Infometrics says strong growth in major exporting regions will help underpin the country’s economic growth during 2019.
For the first time since the consultancy started tracking regional performance in 2001, all four of the largest urban areas are growing slower than the national average.
Auckland, Wellington and Canterbury were the slowest-growth regions in the year ended March. Taranaki and the Bay of Plenty were the fastest growing at rates of more than 4 percent, Infometrics said.
Chief forecaster Gareth Kiernan says the recovery in dairy prices since 2016 and strong prices for most of the country’s other export commodities have boosted spending in the provinces.
Population growth, bolstered by the international migration boom and an increasing outflow of Aucklanders seeking a better and more affordable lifestyle, has also contributed.
“Many of the drivers of urban growth have peaked, including migration, the housing market, and construction activity,” Kiernan said in a statement.
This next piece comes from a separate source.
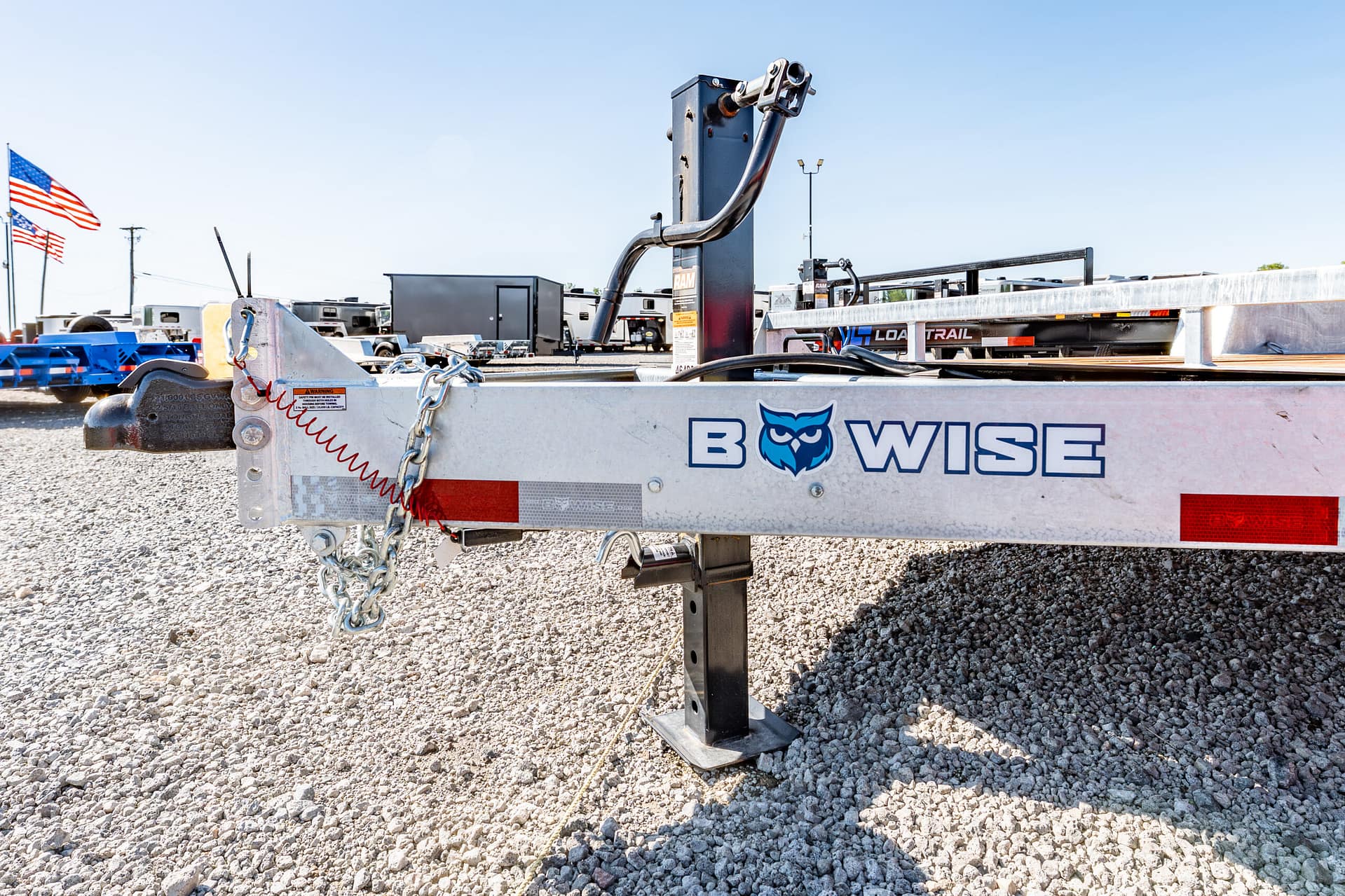 Close-up of a trailer frame with a hitch and safety chains on gravel, with flags in the background and clear blue sky.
“Most of the New Zealand economy’s momentum over the next 18 months will come from provincial areas, thanks to strong export incomes.”
New Zealand’s exporters are enjoying strong international prices for logs, meat, oil and aluminium, while a weaker local dollar since May is also boosting returns. Log exports were a record in March and an index of dairy prices has been relatively stable the past two years after plunging through 2014.
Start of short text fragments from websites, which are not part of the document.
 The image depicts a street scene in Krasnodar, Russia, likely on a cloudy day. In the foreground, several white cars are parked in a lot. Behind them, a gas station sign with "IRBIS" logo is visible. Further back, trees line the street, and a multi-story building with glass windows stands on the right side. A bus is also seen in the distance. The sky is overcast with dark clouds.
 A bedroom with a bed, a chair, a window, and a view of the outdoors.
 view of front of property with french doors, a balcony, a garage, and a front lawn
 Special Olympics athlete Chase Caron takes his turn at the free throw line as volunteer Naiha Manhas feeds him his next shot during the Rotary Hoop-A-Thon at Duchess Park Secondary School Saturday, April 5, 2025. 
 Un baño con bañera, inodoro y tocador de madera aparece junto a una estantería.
Infometrics says the strength of the provinces has contributed to an upward revision for its growth outlook during the next two years. The government’s fiscal position is also stronger than previously thought, leaving more room for spending that may also stimulate the economy.
It has now added a half percentage point to its expectations for government consumption growth in 2018 and 2019. That growth now averages 2.9 percent for the two years. Its April forecast had assumed that growth would trough at about 2 per cent in early 2019 before rising slowly through to 2021.
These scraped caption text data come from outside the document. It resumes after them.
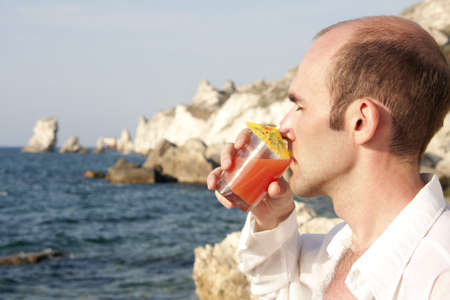 Man drinking cocktail on the beachの写真素材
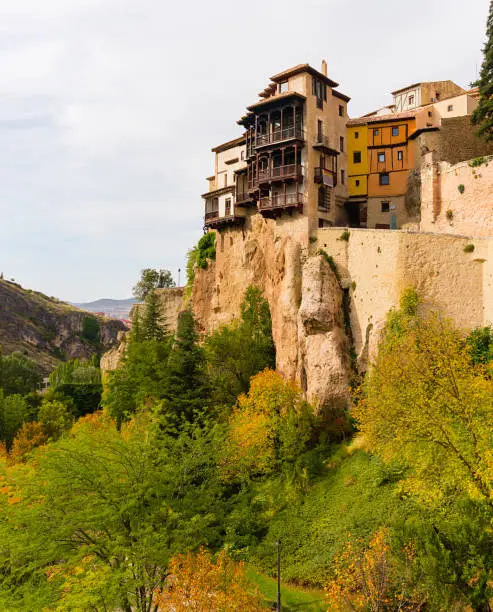 Casas colgadas (hanged houses) on a hill during an autumn day in Cuenca, Spain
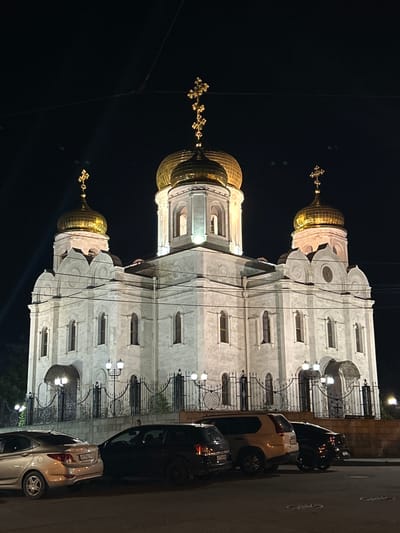 The image depicts a view of a grand, ornate building, likely a church, with golden domes topped by crosses. The building's facade is constructed of light-colored stone with numerous arched windows and decorative architectural elements. The scene is illuminated at night, casting a warm glow on the building and the street. Several cars are parked along the side of the road in front of the building, including a silver hatchback and a darker sedan. The street itself is paved and appears to be in an urban setting. The overall atmosphere is one of nighttime tranquility and architectural grandeur. The image is taken from a slightly angled perspective, with the building dominating the frame. The time of day is clearly night, with a dark sky serving as the backdrop. There are no visible people in the image. The location is hinted to be Pyatigorsk, Russia.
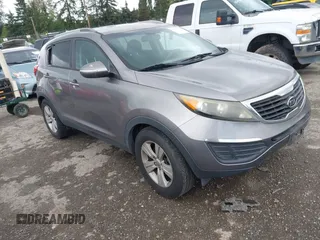 2012 Kia Sportage LX z VIN KNDPB3A22C7262656, wystawiony jako IAAI lot #42301331 z przebiegiem 180 743 mil mil oraz . Historia ofert i sprzedaży dostępna na DreamBid. Obrazek 1.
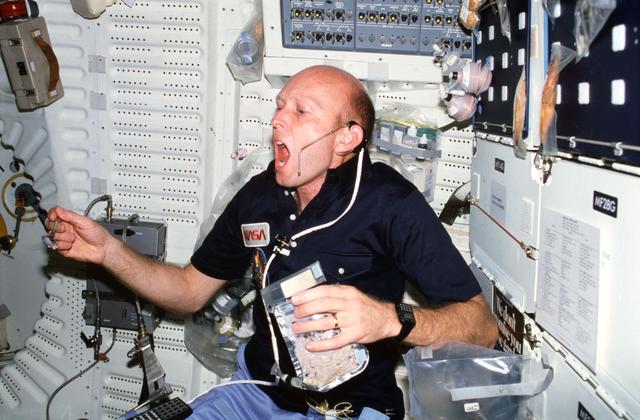 NASA image: Pilot Fullerton eats on middeck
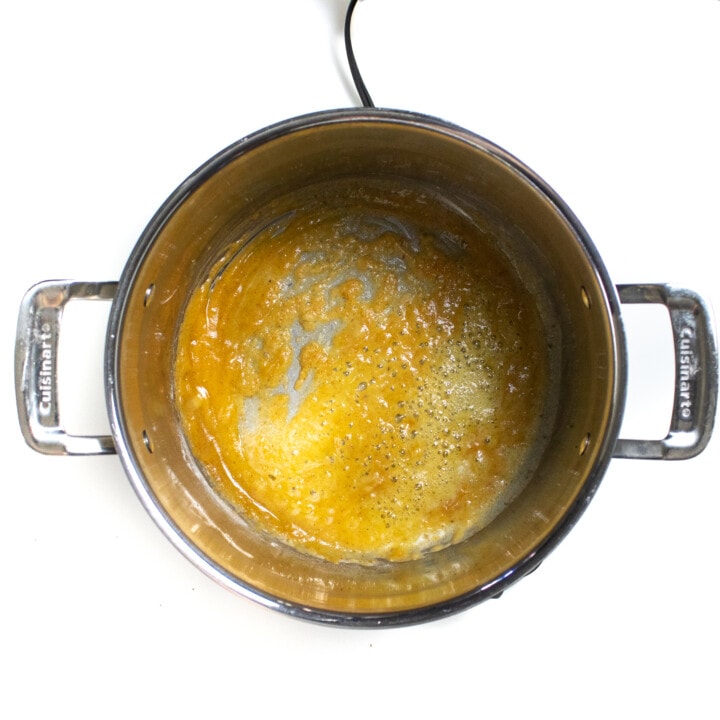 A large silver pot with butter, flour, spaces in salt.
Infometrics also expects stronger household spending for the next 18 months, relative to its April forecast. Stronger wages growth had also contributed to that lift, the firm said.
While the regional outlook is good, Infometrics said it’s not all rosy and growth in 2019 will still be the slowest in five years.
Other risks facing the provinces include the Mycoplasma bovis outbreak in some regions. The disease, commonly found in cows globally, does not affect people or meat quality but does cause other health issues for stock.
Infometrics said the government’s plans to eradicate the disease are not guaranteed and it could spread further.
Other risks for the regions include the on-going shortage of skilled workers and the potential for the trade ructions between China and the US to slow global demand growth. Any further slowdown in China would also affect New Zealand, given it is the biggest buyer of the country’s exports.